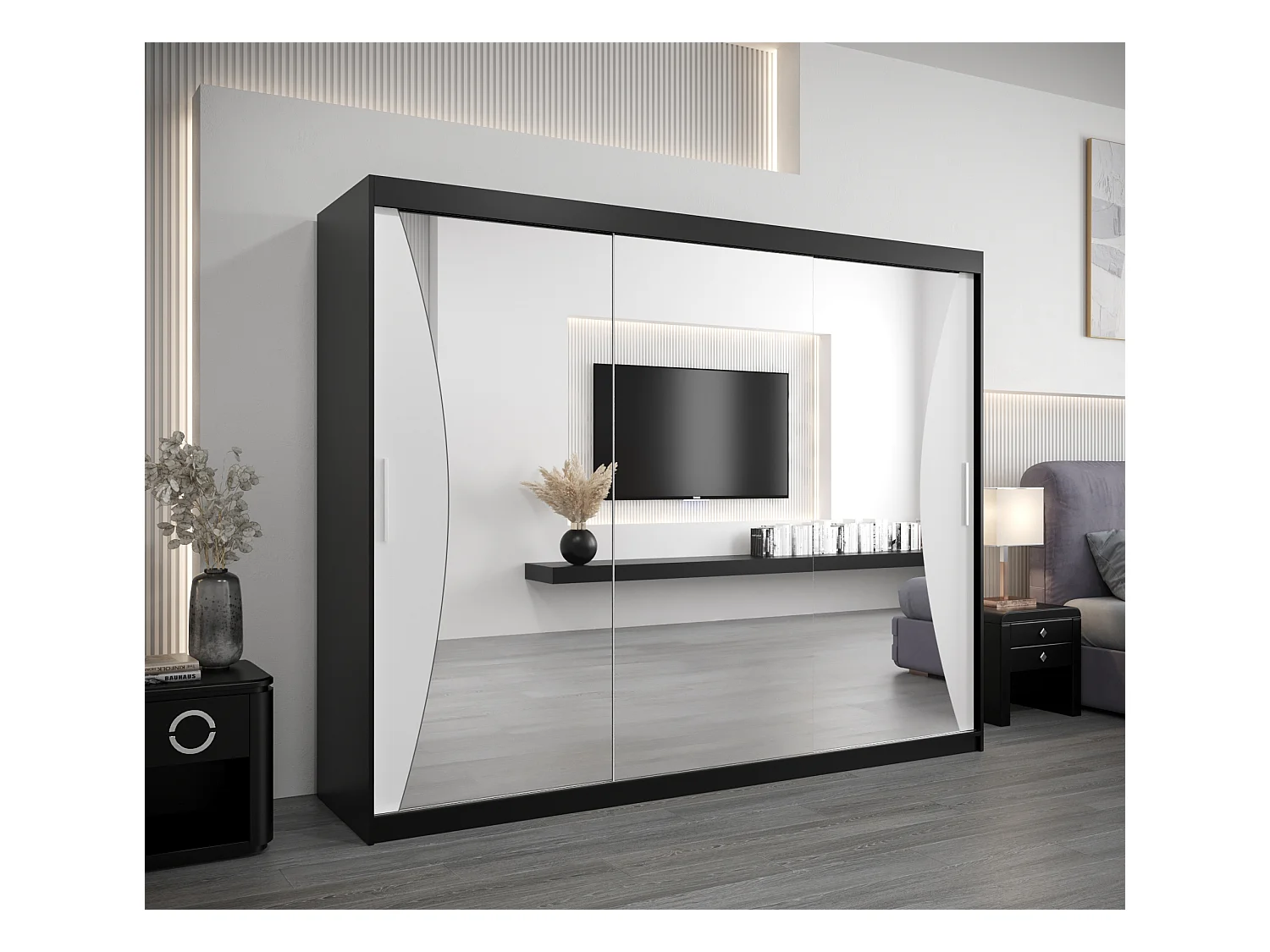 ARMOIRE MONACO À PORTES COULISSANTES 200/250/62 3 Portes (Noir/Blanc)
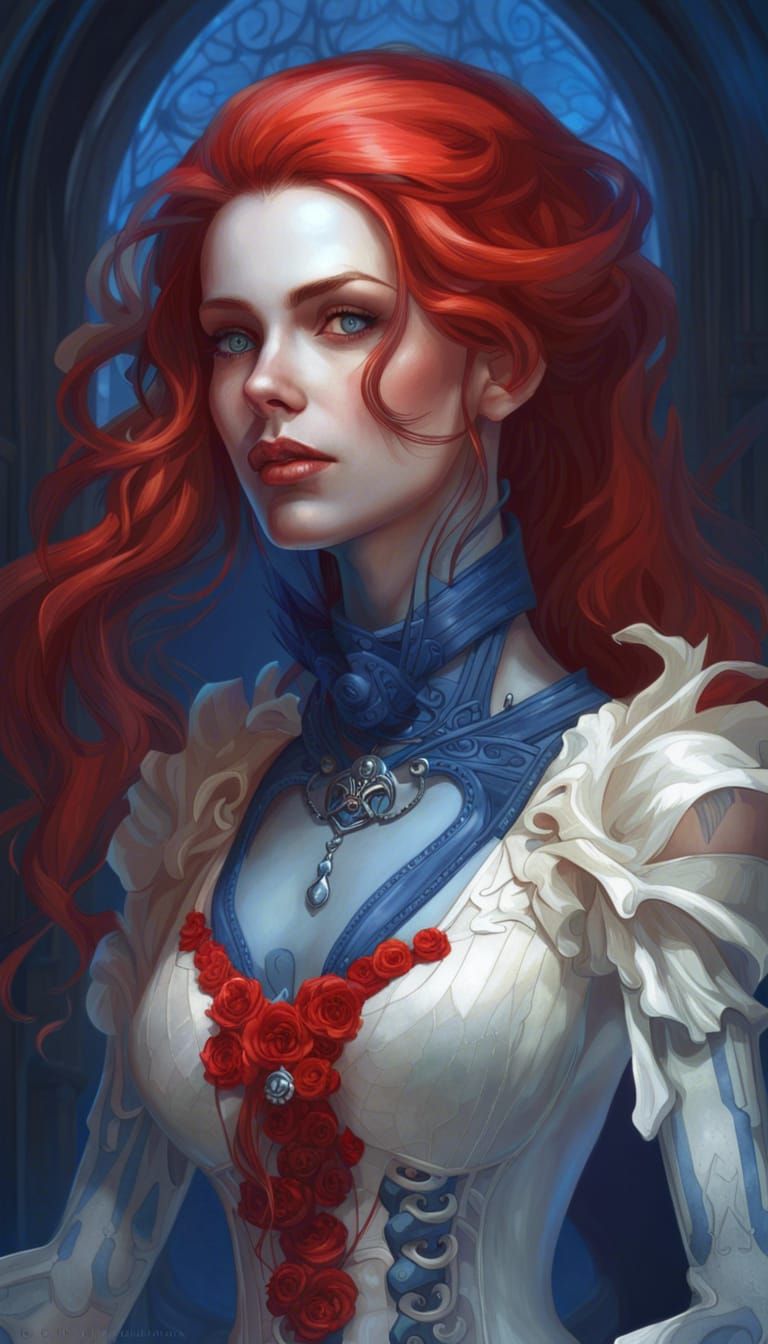 Redhead Bride with Skeleton Key in Art Nouveau Style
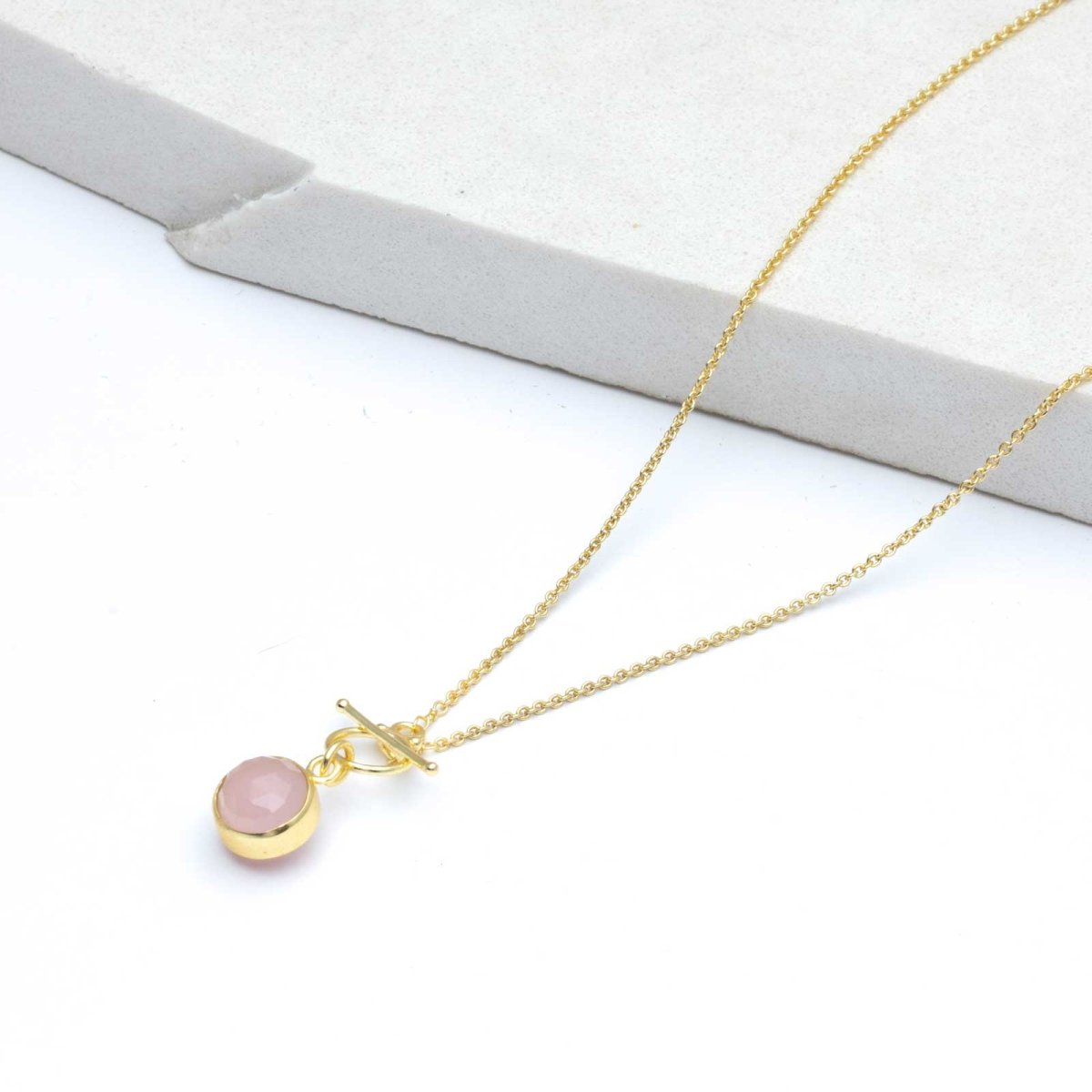 Gold Plated Rose Quartz Pendant Necklace Necklace - rockflowerpaper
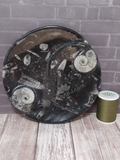 Ammonite fossil ying yang plate on ggandj.com gypsy gems & jewelry with thread spool size reference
--------
* **ACTION ITEM**
Please write out the lines from the one that holds "Redhead Bride with" through the end of the material, both ends included, exactly and with no pictures.

* **EXERCISE RESPONSE**
 Redhead Bride with Skeleton Key in Art Nouveau Style
 Gold Plated Rose Quartz Pendant Necklace Necklace - rockflowerpaper
 Ammonite fossil ying yang plate on ggandj.com gypsy gems & jewelry with thread spool size reference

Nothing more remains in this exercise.